So many times in the past I have heard, “My budget is small and I must use it as efficiently as possible to reach as many users as I can; otherwise, I will be in trouble with my boss.” On the other hand, those with too large a budget, also afraid of their boss, spend the money recklessly.
I would like to divide the advertisement budget into two categories:
- Ad publisher budget: “Where should I invest my next euro?” “Should it go to Facebook or Google?” or “Should it be spent to place ads on Twitter or Snapchat?”
- Campaign budget – After we decide which ad publisher will get our euros, we should then decide how the budget will be divided among our campaigns.
As I see it, although they directly affect marketing department efforts, these decisions should not be the responsibility of the marketing department but should be made by the finance team or the controller. This way we can ensure that the decisions will be driven by facts–not feelings–and that we will not be manipulated by the ad publisher. Obviously, setting ROI targets is necessary!

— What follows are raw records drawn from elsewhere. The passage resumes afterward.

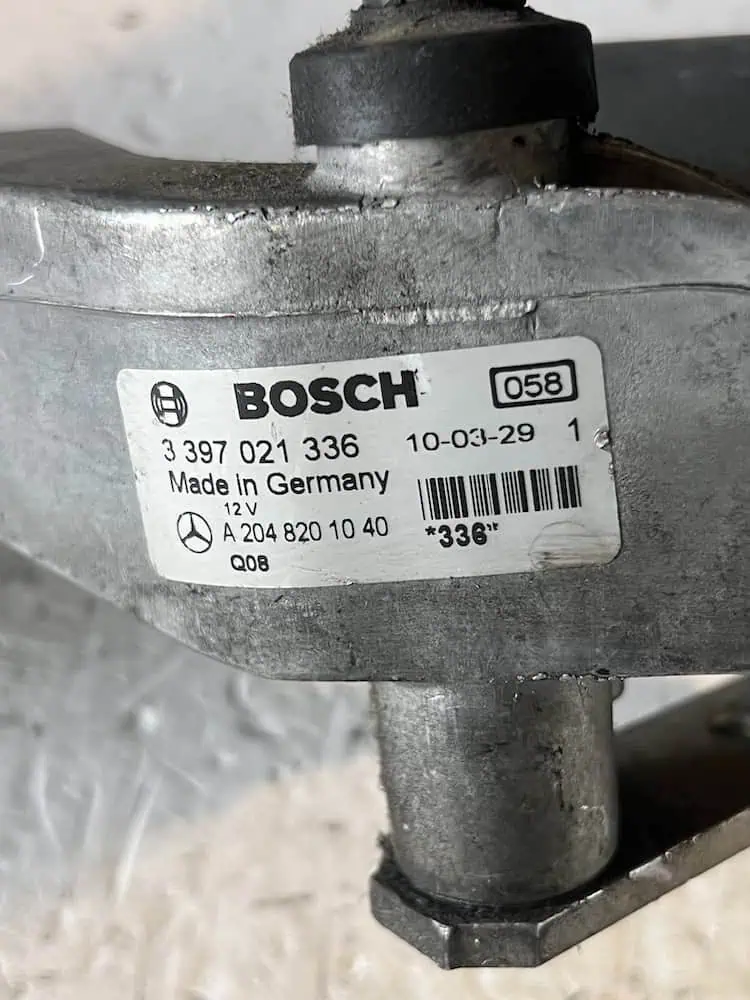 3397021336-2 Motorino Tergicristallo Anteriore Mercedes-Benz Classe C 220 CDI (125kw) – 3397021336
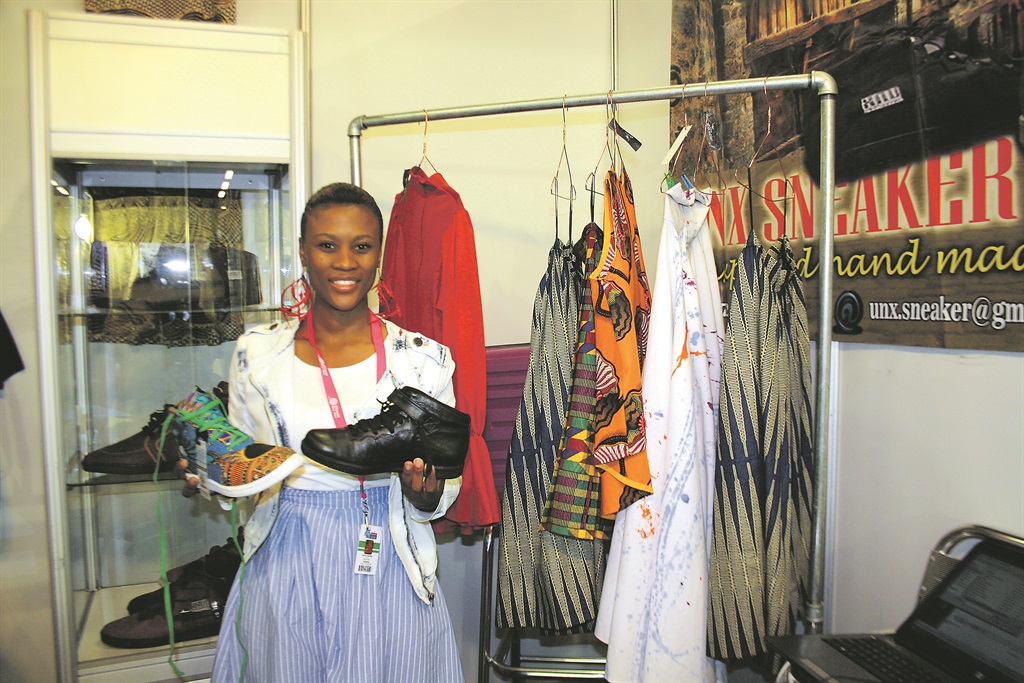 Refilwe Senoko will represent South Africa at the Torino Fashion Week in Italy next month. Photo by Nobathembu Zibi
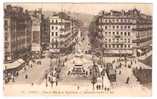 19196)cartolina Illustratoria  Lyon - Place Et Rue De La Repubblique - Rhône-Alpes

Ad publisher budget – Media Mix Modeling (MMM)
The biggest problem for everyone is how to divide the budget among the ad publishers. This has been an issue since the beginning of online marketing and continues to be a problem even today. Many models have been constructed to resolve the issue, but the problem is due to the fact that the marketers mistrust the algorithm that tells them what to do and the finance people do not want to miss an opportunity for growth.
Many companies have adopted the MMM model to solve this problem, but one part has been forgotten: companies have forgotten that they need to create trust between the marketers, who feel the ramifications of the investment decisions, and the finance people, who make the decisions. I have a very simple solution: allocate 15% of the budget for testing. Anyone who thinks he can improve on the model can use the budget to prove it. This budget can also be used for testing new ad partners.
To efficiently allocate your ad publisher budget, you simply need to know the cost and the conversion, which will allow you to calculate the added value of each of the players. If you wish to go one level deeper, you can individually consider each of the ad publishers, keeping in mind that your budget is limited to 500,000 a month. However, there is no reason to spend that much.
Campaign budget – Campaign budget allocation (CBA) model
I was told that solving this problem would be simple and that “since there is now a budget, set the campaigns into motion and make life and death decisions for your campaign.” Not enough budget can completely kill the ad campaign; however, a budget too large could lead to wasted effort. But dividing the budget equally amongst the campaigns does not work either.
To find an effective solution to this problem, we need to understand what we wish to accomplish by pursuing some of the campaigns. We also must differentiate between the campaigns that we are just learning about and the campaigns that are mature. The CBA should solve this problem for you.
When it comes to allocating part of the budget to a particular campaign, I would consider the following:
- Campaign life – How long has the campaign been running? If it’s less than 14 days, I would not spend any money in case it doesn’t reach its full potential. I would allow it to develop and if it reaches its budget limit and the conversion rate is good, I would inject more money into it.
If the campaign is mature, there are three factors to consider: the bidding, the conversions, and whether the campaign is under A/B testing.
- Campaign bidding If the bidding campaign has only recently changed, i.e., within the past few days, I would not increase the budget.
- Creatives change – If only a few of the goals within the campaign have changed, I would not worry about it; However, if all or a majority of them change, I would not touch the budget
- A/B testing – if the campaign is being tested regularly, I would not change the budget, as this will contaminate the testing.
We note that we should still only allocate 15% of the budget for testing; the remainder should be allocated to those campaigns with the best performance.
These are only a few of my ideas on how to divide the budget among the campaigns, but this set of rules can be automated so that all the details will be managed.
Overall, budgeting is not a subject for the marketing people, who complain they don’t have enough money. The job of the marketing team is to convince the company they are making a difference and deserve to receive a larger piece of the budget “pie.”.
Budget allocation it a cornerstone of performance marketing, but let’s face it: the budget is limited, and as such, the spending of each euro should be based on the performance of the ad partners and the campaign.